Apesar do corte de quase dez por cento, a Comissão Europeia ainda poderá lançar muitas políticas novas (Green Deal, do produtor ao consumidor, biodiversidade e segurança alimentar) porque serão adicionados cerca de 45 bilhões do fundo de emergência contra a covid-19 para Agricultura. Com isso, a Comissão reconhece que o setor agrícola também pode receber apoio da UE do megafundo econômico de 750 bilhões para a crise da covid.

Existem, porém, condições para a concessão desse dinheiro do corona; não são cheques em branco. Os Estados-membros devem desenhar seus próprios planos de recuperação, mas precisam respeitar as prioridades definidas pela UE, como o clima.

O fato de a Comissão Europeia destinar menos dinheiro para uma política agrícola comum nos próximos anos, segundo a LTO Países Baixos, contraria as ambições sustentáveis que Bruxelas tem. Isso é constatado pela LTO após analisar os planos e documentos europeus. Para o sucesso da sustentabilidade e para proteger a segurança alimentar, a organização agrícola considera que mais investimentos são necessários.

A organização de interesses chama os planos de “ambiciosos”, mas considera que as “profundas ambições europeias de sustentabilidade” são “contraditórias com o orçamento em redução da PAC”. É difícil explicar que a Comissão Europeia demande mais, mas oferece estruturalmente menos em troca, afirma a LTO.

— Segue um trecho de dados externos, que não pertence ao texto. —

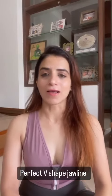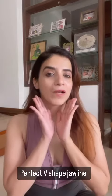Just one exercise to get rid of double chin. You will get a perfect V-shaped jawline.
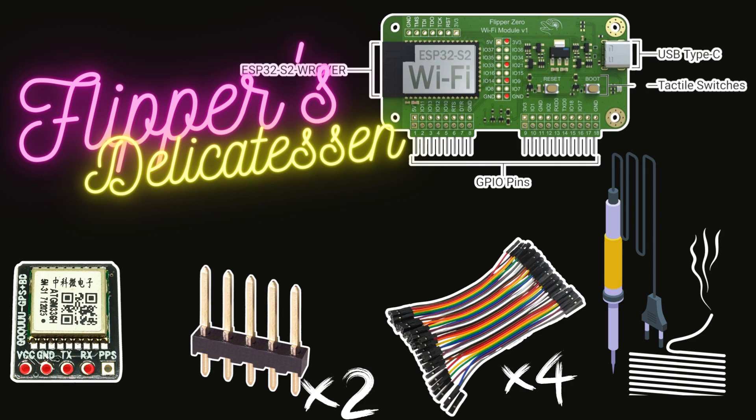Header pins for DevBoard customization. We will solder them on the DevBoard module, so we need to have at least two of them with five pins. On top of this, we are going to use four Dupont female-to-female cables. And of course for soldering this, you need your soldering kit.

A Boerenbond belga também analisa o projeto com grande criticismo. “O orçamento agrícola foi enfraquecido. Sob aumentos cosméticos permanece um corte assustador de dez por cento. A segurança alimentar e a maior sustentabilidade da agricultura precisam de investimentos adicionais”, afirma a Boerenbond. A associação estudou minuciosamente a nova proposta da Comissão Europeia, mas não está satisfeita com os valores destinados à agricultura.

A organização agrícola belga destaca que a crise da covid evidenciou que a segurança e a disponibilidade alimentar dentro da UE não são garantidas. Ao mesmo tempo, vê que as ambições ecológicas para agricultura e horticultura estão aumentando com o lançamento das estratégias europeias de biodiversidade e “do produtor ao consumidor”.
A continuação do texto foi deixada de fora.